To state a § 1983 claim based on retaliation, plaintiff must allege (1) the type of activity engaged in was a protected right under the constitution; and (2) the State impermissibly infringed on the right to engage in the protected activity. Rizzo v. Dawson, 778 F.2d 527, 531 (9th Cir. 1985). Plaintiff also must establish that the retaliatory act does not advance legitimate penological goals, such as preserving institutional order and discipline. Id.; Barnett v. Centoni, 31 F. 3d 813, 816 (9th Cir. 1994).

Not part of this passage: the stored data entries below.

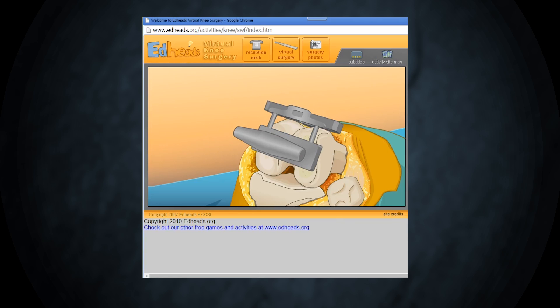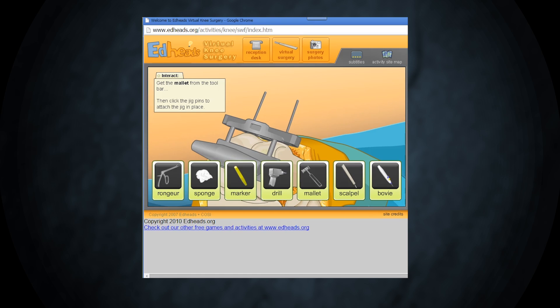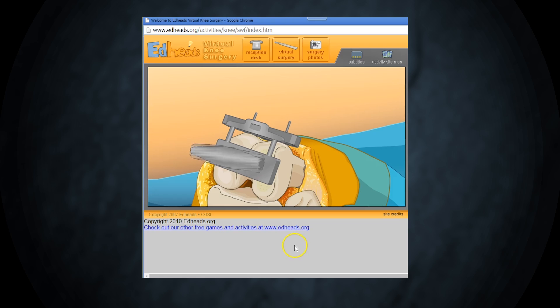The jig is put into position and helps ensure that the cuts made to the bone are exactly what are needed. Hammer in the pins to hold the jig. We can now remove the alignment device. The pins will hold the jig firmly in place.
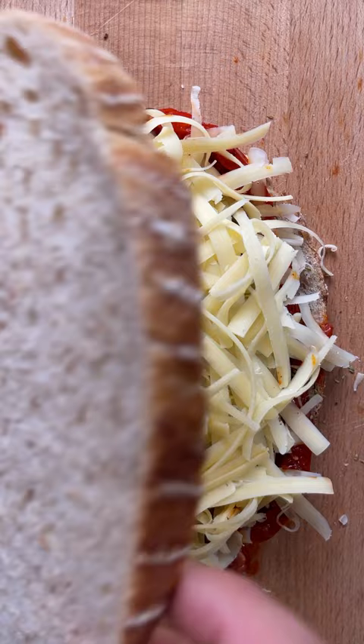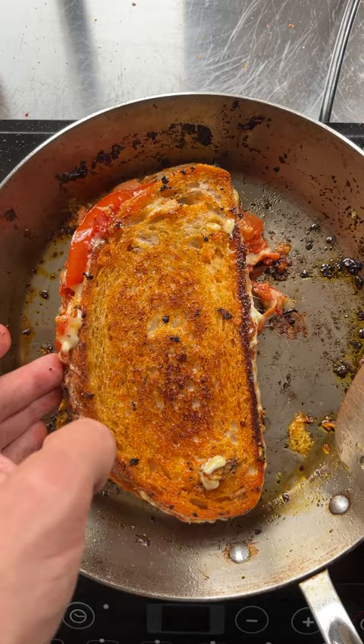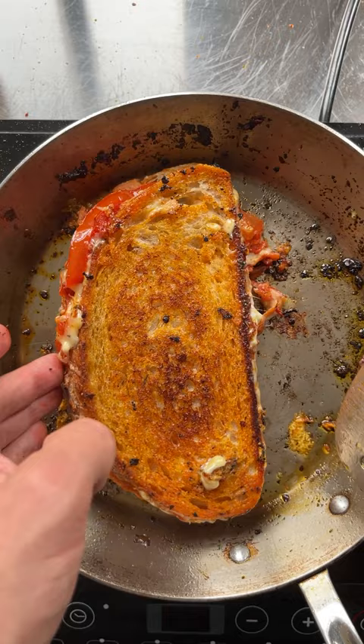Now grate over plenty of that Pilgrim's Choice Extra Mature Cheddar. Get it into a pan, give it a good squish down, cook for a few minutes on each side. You want it nice and golden brown.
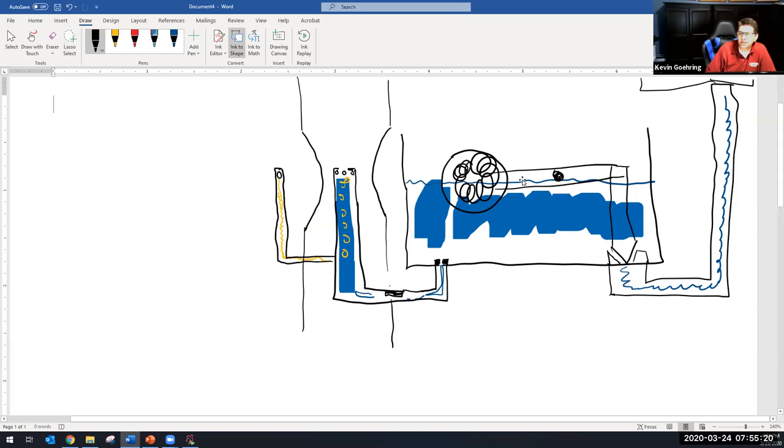So we have the float, the arm — which represents a fulcrum, the point where the arm goes down and this part comes up — the needle right here, and the seat, which is something you can actually pull out.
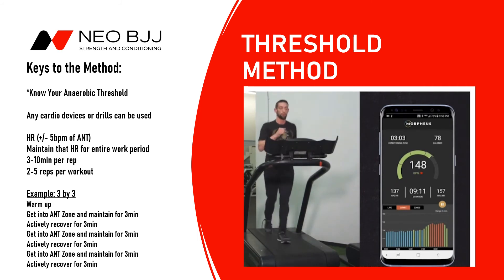We show a little example at the bottom of a three-by-three — that's typically where we start athletes once they have a good conditioning base. You'd warm up five to ten minutes, push yourself up into your anaerobic threshold zone, and if you're using Morpheus, do these on a day where you have high levels of recovery, because this is a pretty fatiguing method. If you're in low recovery zones, push it to the next day. Then it's: warm up, hit anaerobic threshold zone, maintain for three minutes, slow down and recover for three minutes — three on, three off, three on, three off — and that's your set for the day.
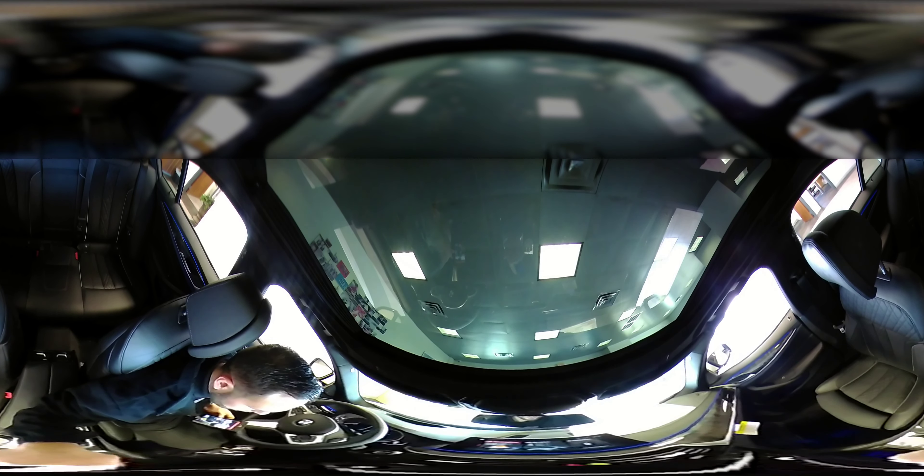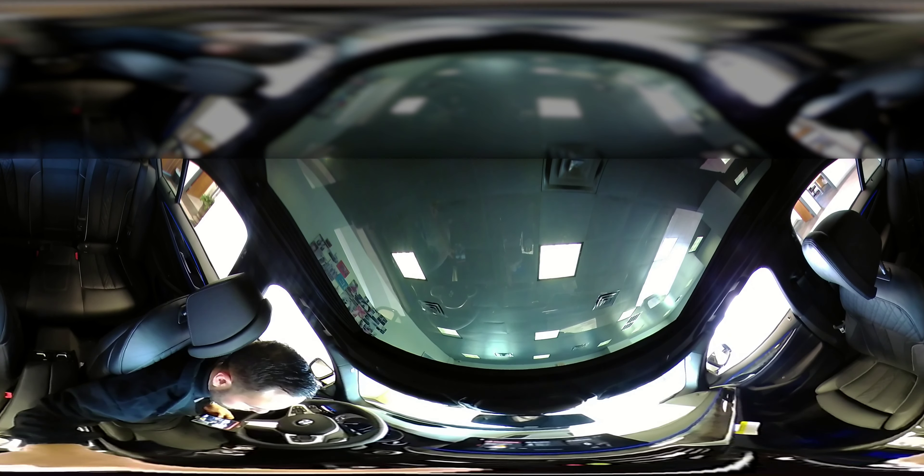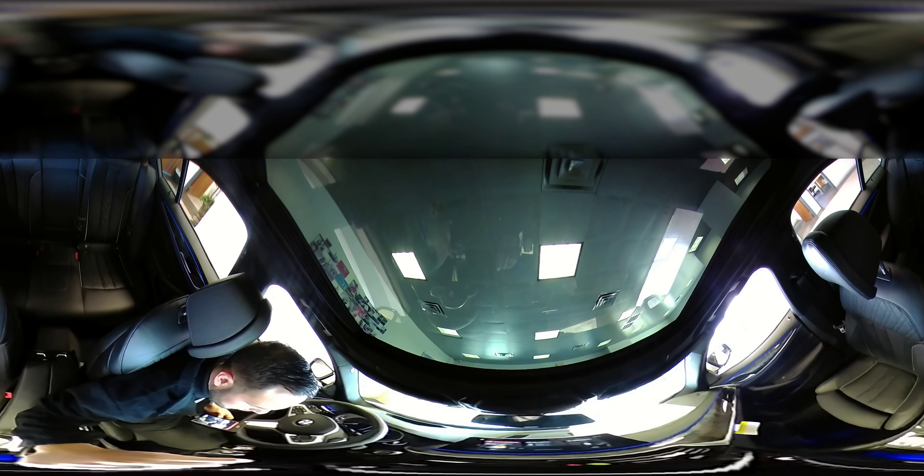You can turn your volume up by just taking your finger and going clockwise in a circular motion. You can also turn it down by doing the complete opposite and going counterclockwise.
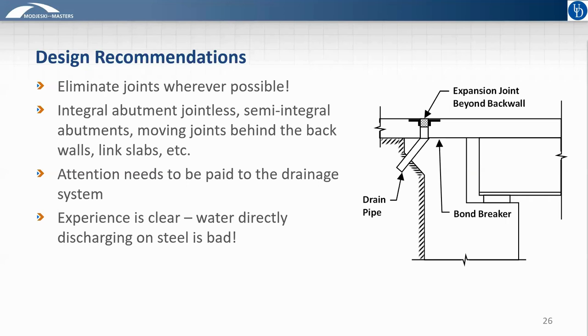Assuming you've been through the process Jennifer laid out and decided that uncoated weathering steel is the appropriate material, what can you do as a designer or owner to ensure the best possible lifespan and performance? If there's nothing else you remember from this portion of the presentation, it should be this: eliminate joints wherever possible. The experience is quite clear — anytime you have water directly discharging onto steel, you have poor performance, whether that steel is painted or uncoated weathering steel. The use of integral abutment bridges, other types of jointless bridges, semi-integral abutments, moving joints behind back walls, and using link slabs are all ways to extend the lifespan of any bridge, but in particular for uncoated weathering steel.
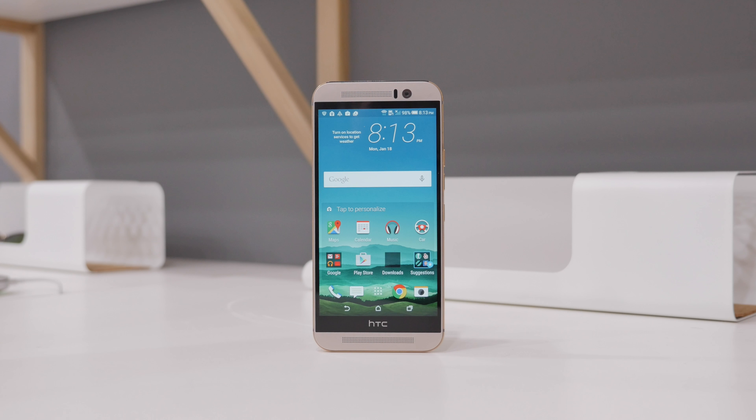Please head into your device's dialer and type in star pound zero six pound. We're doing this to obtain the device's IMEI.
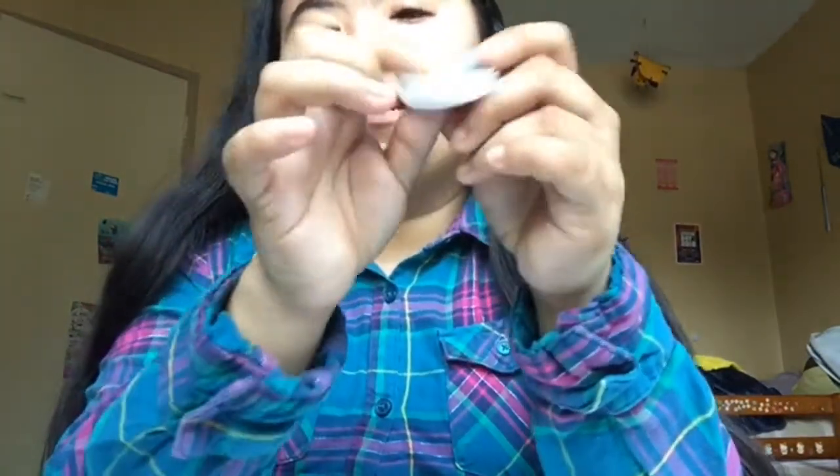I actually had a Mexico pop socket that I bought at the store with this base too, but since I didn't know you could take the top off, I threw the whole thing in the trash — which was just a waste of money. That's why I went and customized a new Mexico one, since I knew I had thrown the old one away.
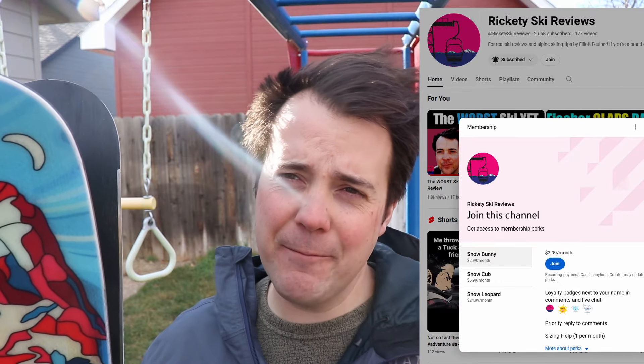If you want to support the channel, liking and subscribing is the easiest free way to do that. You can also become a member by hitting the Join button on my YouTube home page — there are a bunch of perks there. More than anything, thanks for being here and thanks for watching. A big shoutout to Meyer Skis — there aren't a lot of companies willing to send me their skis and let me be brutally honest, so I give Meyer all the respect in the world.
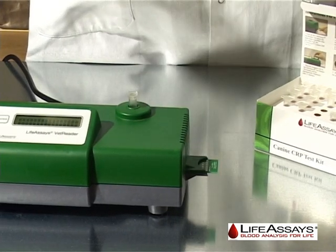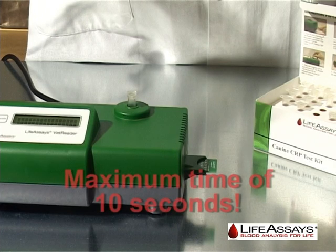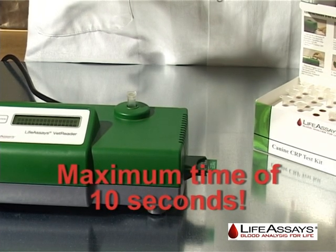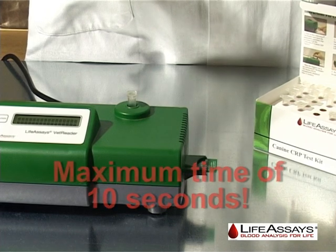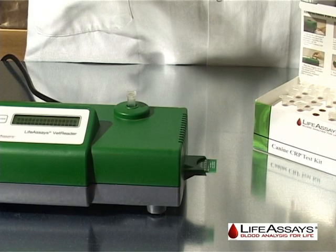Load the reagent vial back into the VetReader. Please note that the reagent vial must be loaded back within these 10 seconds. If not, the measurement is aborted and the reagent chip will count down one measurement, and the user loses one test.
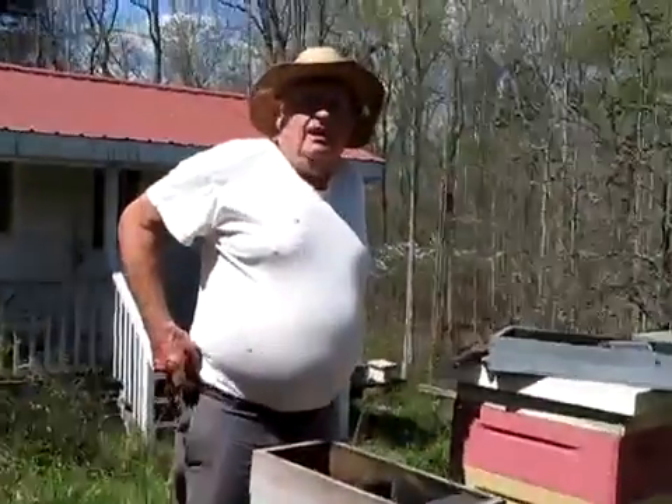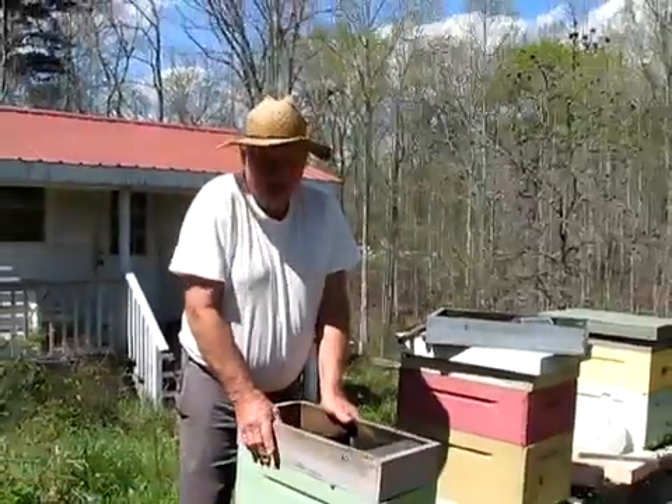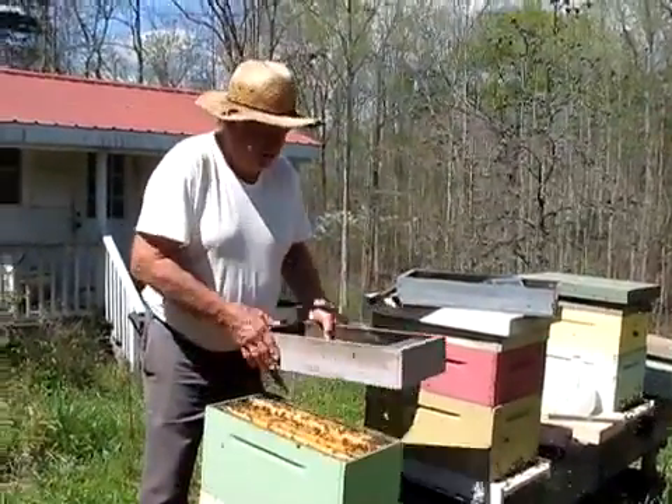All right. This is the Fat Bee Man. We're going to check this hive here — this is one that one of my students grafted last Saturday, and we'll see if he's learning anything.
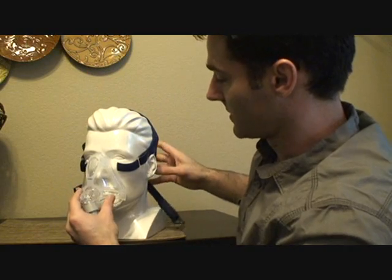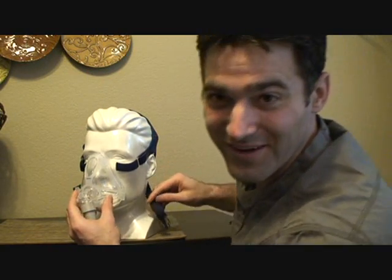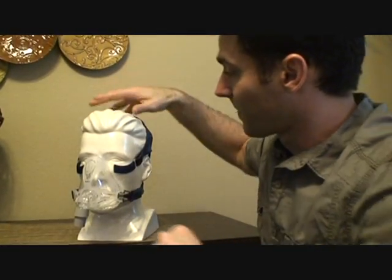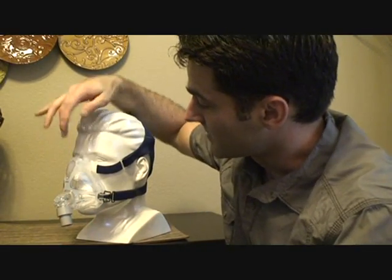Pull the headgear over the entire mask over your head like so, and then clip it in. Using a mirror for the first couple of times helps give you a feel for where it should be and where it's located.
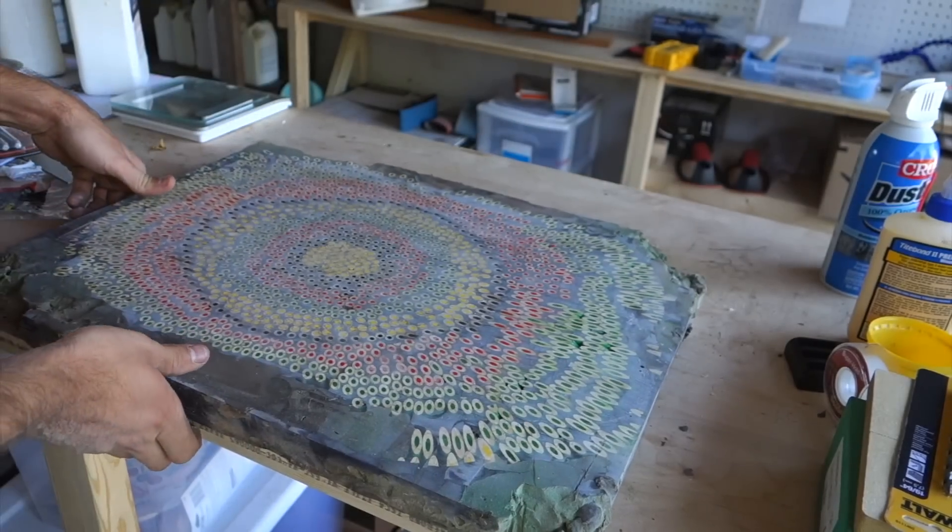On this guitar I want to try using colored pencils as the fret markers. I don't see any reason why this wouldn't work out, so I'm going to give it a shot.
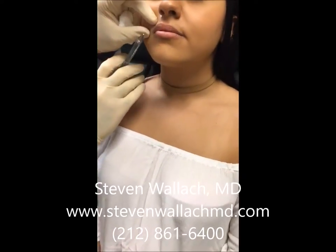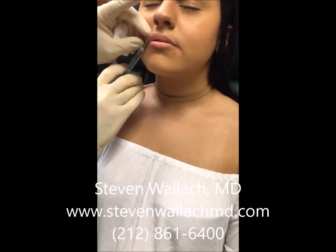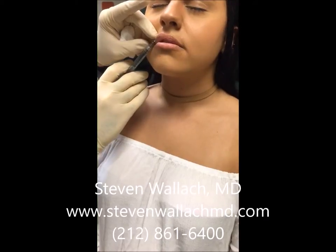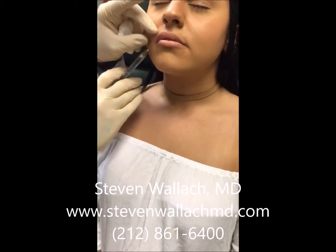This is a video of lip augmentation using Juvederm Ultra Plus. Before inserting the injection, I always put topical anesthetic on. As you can see, the patient is very comfortable during the procedure.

Plaintiff was infracted for conduct directly relating to the orderly operation of a minimum custody facility (fired from his job for doing legal work for others in an unauthorized manner). He was given due process and found guilty of the infractions. He has lost good time and his custody has been increased. Because the actions taken further legitimate penological goals, they cannot form the bases for a claim of retaliation.
With regard to legal materials, plaintiff alleges he has not received all his material (Dkt. # 23, page 4). Plaintiff claims an address book, letters with contact information, and legal notes are still missing. The Department of Corrections avers all material except materials belonging to other inmates was forwarded to the Penitentiary on September 21, 2007. Plaintiff simply does not meet the standard for granting injunctive relief under this set of facts.
Plaintiff's motion for injunctive relief and damages should be DENIED.